Re: [PATCH v3 1/2] rust: irq: add support for request_irq()
From: Alice Ryhl
Date: Tue Jun 03 2025 - 04:28:56 EST
On Mon, Jun 02, 2025 at 07:31:00PM +0200, Danilo Krummrich wrote:
> On Mon, Jun 02, 2025 at 04:19:21PM +0000, Alice Ryhl wrote:
> > On Wed, May 14, 2025 at 11:53:21PM +0200, Danilo Krummrich wrote:
> > > On Wed, May 14, 2025 at 04:20:51PM -0300, Daniel Almeida wrote:
> > > > +/// // This is running in process context.

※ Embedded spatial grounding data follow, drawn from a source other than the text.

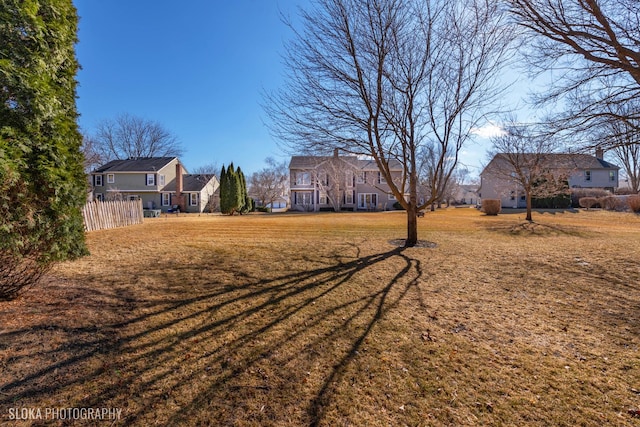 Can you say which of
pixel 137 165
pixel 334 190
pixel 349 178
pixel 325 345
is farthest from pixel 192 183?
pixel 325 345

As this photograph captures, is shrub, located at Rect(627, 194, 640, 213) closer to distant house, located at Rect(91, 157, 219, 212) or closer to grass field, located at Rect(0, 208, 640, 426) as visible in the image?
grass field, located at Rect(0, 208, 640, 426)

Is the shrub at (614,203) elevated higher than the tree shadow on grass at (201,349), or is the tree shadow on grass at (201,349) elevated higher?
the shrub at (614,203)

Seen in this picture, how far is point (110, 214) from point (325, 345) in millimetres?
15098

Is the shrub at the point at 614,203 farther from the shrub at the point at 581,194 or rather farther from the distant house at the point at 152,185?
the distant house at the point at 152,185

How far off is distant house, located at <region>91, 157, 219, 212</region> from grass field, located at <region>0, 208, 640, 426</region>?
2960cm

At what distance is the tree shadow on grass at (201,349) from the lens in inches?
86.1

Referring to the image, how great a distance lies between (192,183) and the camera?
34500mm

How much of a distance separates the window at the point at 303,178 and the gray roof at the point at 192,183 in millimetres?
11371

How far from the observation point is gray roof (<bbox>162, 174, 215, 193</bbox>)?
33.4 meters

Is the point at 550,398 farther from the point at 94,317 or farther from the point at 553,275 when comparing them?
the point at 94,317

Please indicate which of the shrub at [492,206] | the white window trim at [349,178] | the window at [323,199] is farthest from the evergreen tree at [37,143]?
the window at [323,199]

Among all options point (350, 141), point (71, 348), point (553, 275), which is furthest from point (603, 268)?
point (71, 348)

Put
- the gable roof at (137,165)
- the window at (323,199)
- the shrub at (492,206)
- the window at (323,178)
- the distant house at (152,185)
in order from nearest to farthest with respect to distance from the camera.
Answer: the shrub at (492,206) < the distant house at (152,185) < the gable roof at (137,165) < the window at (323,178) < the window at (323,199)

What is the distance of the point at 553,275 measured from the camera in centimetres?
566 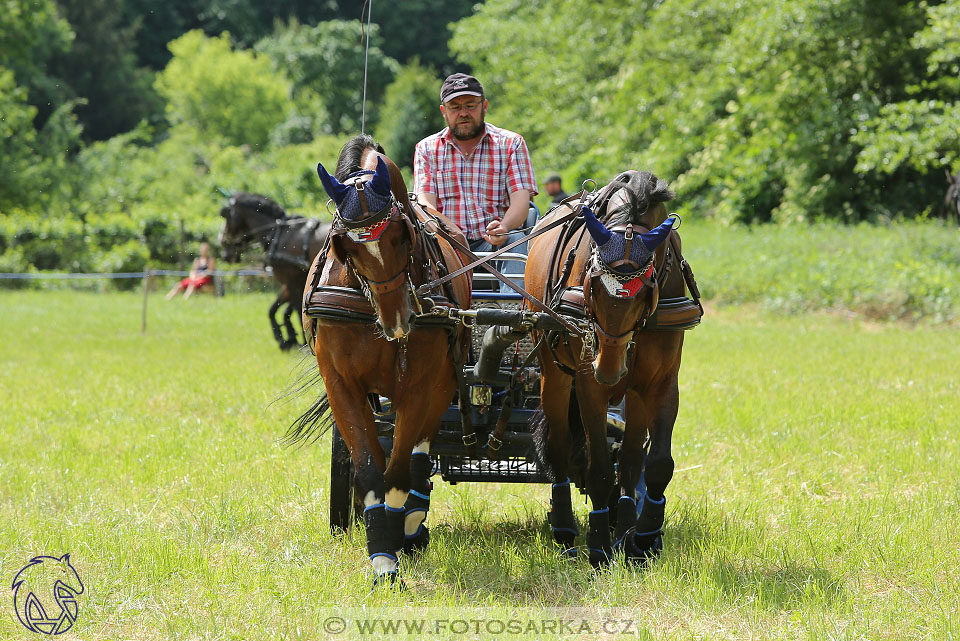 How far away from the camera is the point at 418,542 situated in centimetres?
489

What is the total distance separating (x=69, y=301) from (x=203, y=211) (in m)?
9.27

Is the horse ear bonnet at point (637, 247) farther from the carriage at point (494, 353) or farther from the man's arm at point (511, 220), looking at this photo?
the man's arm at point (511, 220)

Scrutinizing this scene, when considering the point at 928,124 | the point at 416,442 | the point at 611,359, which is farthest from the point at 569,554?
the point at 928,124

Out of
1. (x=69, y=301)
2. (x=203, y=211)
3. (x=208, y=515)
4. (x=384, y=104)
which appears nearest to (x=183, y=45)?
(x=384, y=104)

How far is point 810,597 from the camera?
4.11m

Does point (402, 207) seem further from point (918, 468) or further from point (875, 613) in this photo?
point (918, 468)

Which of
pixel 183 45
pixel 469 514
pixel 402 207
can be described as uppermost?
pixel 183 45

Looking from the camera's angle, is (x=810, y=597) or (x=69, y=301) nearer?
(x=810, y=597)

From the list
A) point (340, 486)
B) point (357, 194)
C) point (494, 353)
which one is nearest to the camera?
point (357, 194)

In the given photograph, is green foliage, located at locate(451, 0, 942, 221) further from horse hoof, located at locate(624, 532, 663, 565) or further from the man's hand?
horse hoof, located at locate(624, 532, 663, 565)

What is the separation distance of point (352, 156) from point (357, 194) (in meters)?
0.54

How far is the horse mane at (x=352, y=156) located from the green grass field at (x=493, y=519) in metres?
1.74

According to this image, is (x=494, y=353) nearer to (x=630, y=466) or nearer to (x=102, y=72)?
(x=630, y=466)

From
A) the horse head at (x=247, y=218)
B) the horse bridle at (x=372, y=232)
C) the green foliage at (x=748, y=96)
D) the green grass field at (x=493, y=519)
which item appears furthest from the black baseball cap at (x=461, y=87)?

> > > > +/// fn register_irq(irq: u32, handler: Handler) -> Result<Arc<Registration<Handler>>> {
> > > > +/// let registration = Registration::register(irq, flags::SHARED, c_str!("my-device"), handler);
> > > > +///
> > > > +/// // You can have as many references to the registration as you want, so
> > > > +/// // multiple parts of the driver can access it.
> > > > +/// let registration = Arc::pin_init(registration, GFP_KERNEL)?;
> > >
> > > This makes it possible to arbitrarily extend the lifetime of an IRQ
> > > registration. However, we must guarantee that the IRQ is unregistered when the
> > > corresponding device is unbound. We can't allow drivers to hold on to device
> > > resources after the corresponding device has been unbound.
> > >
> > > Why does the data need to be part of the IRQ registration itself? Why can't we
> > > pass in an Arc<T> instance already when we register the IRQ?
> > >
> > > This way we'd never have a reason to ever access the Registration instance
> > > itself ever again and we can easily wrap it as Devres<irq::Registration> -
> > > analogously to devm_request_irq() on the C side - without any penalties.
> >
> > If we step away from the various Rust abstractions for a moment, then it
> > sounds like the request_irq API must follow these rules:
> >
> > 1. Ensure that free_irq is called before the device is unbound.
> > 2. Ensure that associated data remains valid until after free_irq is
> > called.
> >
> > We don't necessarily need to ensure that the Registration object itself
> > is dropped before the device is unbound - as long as free_irq is called
> > in time, it's okay.
> >
> > Now, if we use Devres, the way this is enforced is that during cleanup
> > of a device, we call free_irq *and* we destroy the associated data right
> > afterwards. By also destroying the associated data at that moment, it
> > becomes necessary to use rcu_read_lock() to access the associated data.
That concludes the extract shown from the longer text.